◆ Exercise aim ◆
Find the line below with "group of red jellyfish" and the line with "USA, Hawaii, Molokai.". Output them and the lines between, exactly, but not the pictures.

◆ Dataset records ◆
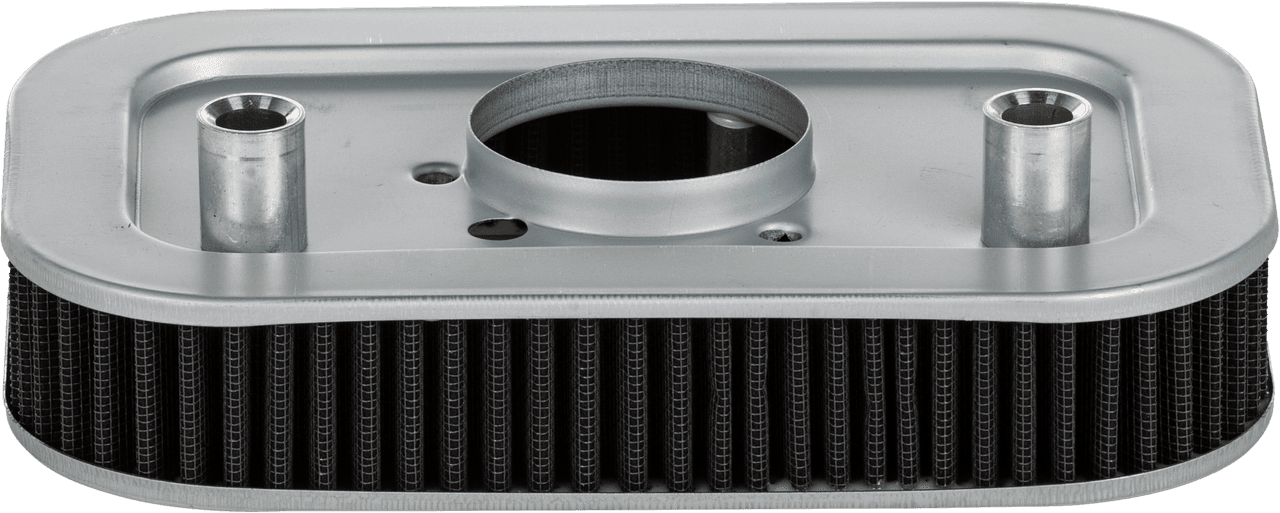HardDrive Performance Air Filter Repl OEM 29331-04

* * *

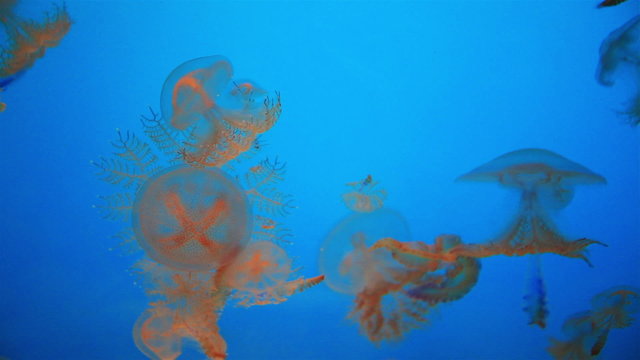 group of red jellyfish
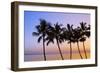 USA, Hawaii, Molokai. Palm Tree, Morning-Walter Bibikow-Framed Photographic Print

◆ Response below ◆
 group of red jellyfish
 USA, Hawaii, Molokai. Palm Tree, Morning-Walter Bibikow-Framed Photographic Print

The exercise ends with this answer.